Somehow, it didn’t seem as though he got the spirit of the holiday. “President Donald Trump again called for an end to the filibuster and said there will be no deal with Democrats on the Deferred Action for Childhood Arrivals, also known as DACA. … In two more tweets Sunday morning, Trump threatened to dismantle the North American Free Trade Agreement (NAFTA), which he called Mexico’s ‘cash cow,’ if the country doesn’t reduce the flow of immigrants coming across the southern US border. Trump also tweeted that ‘big flows of people are all trying to take advantage of DACA. They want in on the act!’ ”
Ohio Gov. John Kasich (R) aptly channeled the spirit of the season. “A true leader preserves & offers hope, doesn’t take hope from innocent children who call America home. Remember, today is Easter Sunday.”
Rep. Don Beyer (D-Va.) launched a spirited denunciation of Trump’s anti-immigrant stance. “The mask of deceptions and lies with which Trump has tried to gaslight the country for months just fell away: ‘no more DACA deal.’ His true position was always anti-immigrant.”
Amanda Carpenter gave it to Laura Ingraham for invoking the spirit of the Holy Week. “It bothers me that the apology was couched in terms of being in the spirit of Holy Week. And now we’re supposed to believe that this was a prescheduled vacation because of Easter. If it wasn’t a Christian, nice thing to do during Holy Week, it’s not a Christian, nice thing to do during any other week, either.” Good for her.
Maybe Iowa needs a more welcoming, pro-immigrant spirit to fill those jobs. “Employers, especially in more rural areas, are finding that there are just too few workers. That upends a long-running view in Washington, D.C., and many state capitals, where policy makers often say the unemployed simply lack the skills to get hired. … If every unemployed person in the Midwest was placed into an open job, there would still be more than 180,000 unfilled positions, according to the most recent Labor Department data. The 12-state region is the only area of the country where job openings outnumber out-of-work job seekers.” Rep. Steve King (R-Iowa), pay attention.
Maybe some patriotic spirit in Britain will create a backlash against Brexit — which is killing British jobs. “More than one in five British manufacturing companies are expected to lay off workers because of the country’s decision to leave the European Union, according to an industry study published by The Observer on Sunday. With less than a year to go before the U.K. leaves the 28-member bloc, 11 percent of local manufacturers already have lost contracts because of the 2016 Brexit referendum, based on a survey of 200 British supply chain managers by the Chartered Institute of Procurement and Supply, a trade body.” No one ever accused populists of being overly sophisticated when it comes to economics.

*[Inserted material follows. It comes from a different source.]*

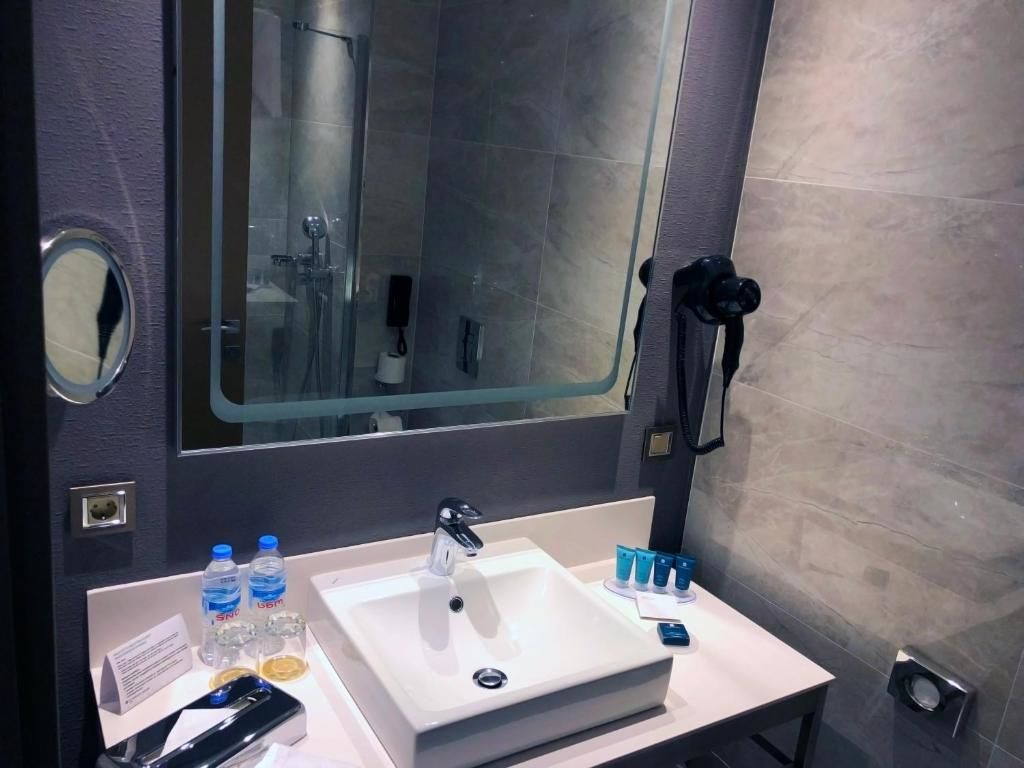 Отель Wyndham Grand Tbilisi Тбилиси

The spirit underlying the March for Our Lives may have real-world consequences. “Sen. Mark R. Warner (D-Va.), who once voted against a ban on assault-style weapons, now says that he would support it if structured the right way by Congress. … Warner’s shift this week is the latest example of a growing boldness by Democrats on the gun issue, after a long period where candidates in swing states and red states tried not to cross the gun lobby.”